**TRY IT:** Would you retype exactly the lines below, from the one containing "Cute and Whimsical" through the end of the entries, both ends included, but not the pictures?

**GIVEN INFORMATION:**
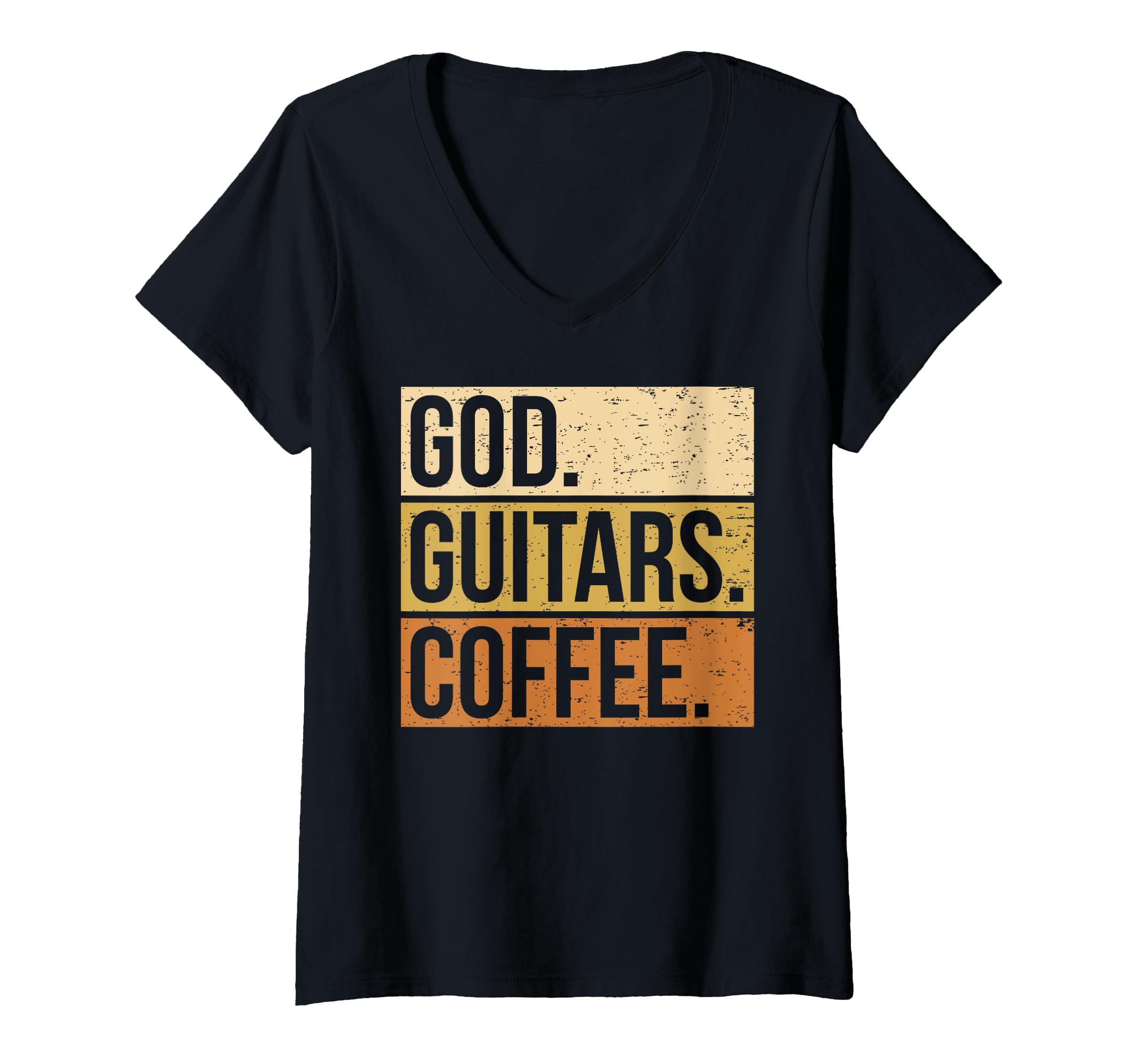 Womens Guitar Player Guitarist I God Guitar Coffee V-Neck T-Shirt, Black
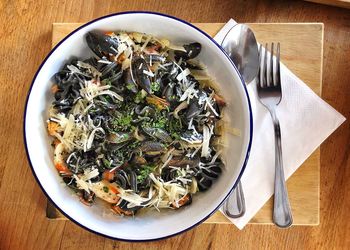 Directly above shot of food served on table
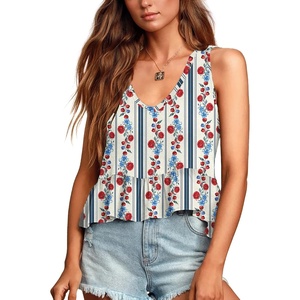 image:imageLYANER Womens V Neck Casual Tank Top  Ruffle Hem Babydoll Blouse Sleeveless Flowy Peplum TopsFloral Beige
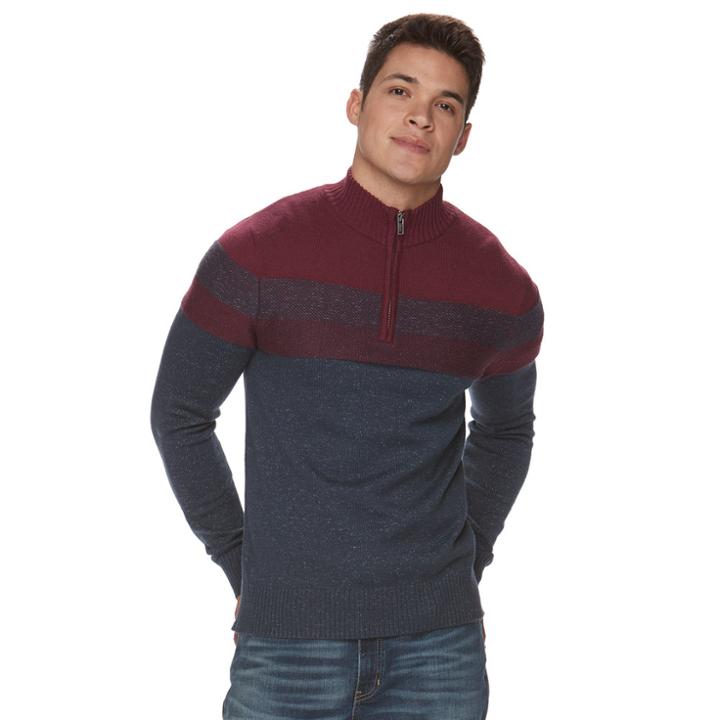 Men's Urban Pipeline&reg; Striped Quarter-zip Sweater, Size: Small, Turquoise/blue (turq/aqua)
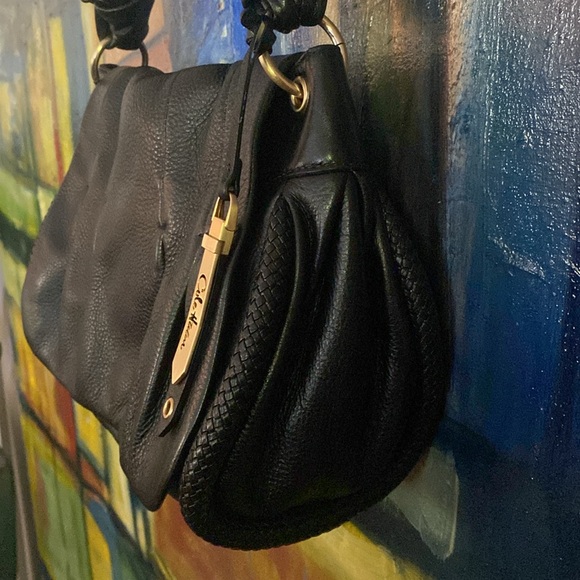 COLE HAAN // ltd ed black buttery leather knot strap magnetic flap shoulder bag - Picture 5 of 13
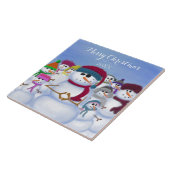 Cute and Whimsical Snowmen Tegeltje (Zijkant)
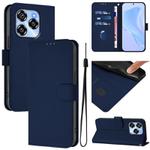 For Oukitel C50 Skin Feel Solid Color Leather Phone Case with Lanyard(Navy Blue)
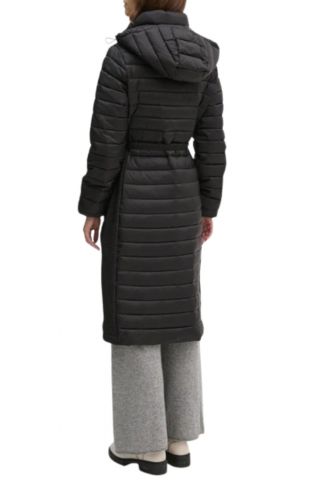 CALVIN KLEIN LW PADDED SMOCKING MIDI COAT BLACK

**RESPONSE TO THE TASK:**
 Cute and Whimsical Snowmen Tegeltje (Zijkant)
 For Oukitel C50 Skin Feel Solid Color Leather Phone Case with Lanyard(Navy Blue)
 CALVIN KLEIN LW PADDED SMOCKING MIDI COAT BLACK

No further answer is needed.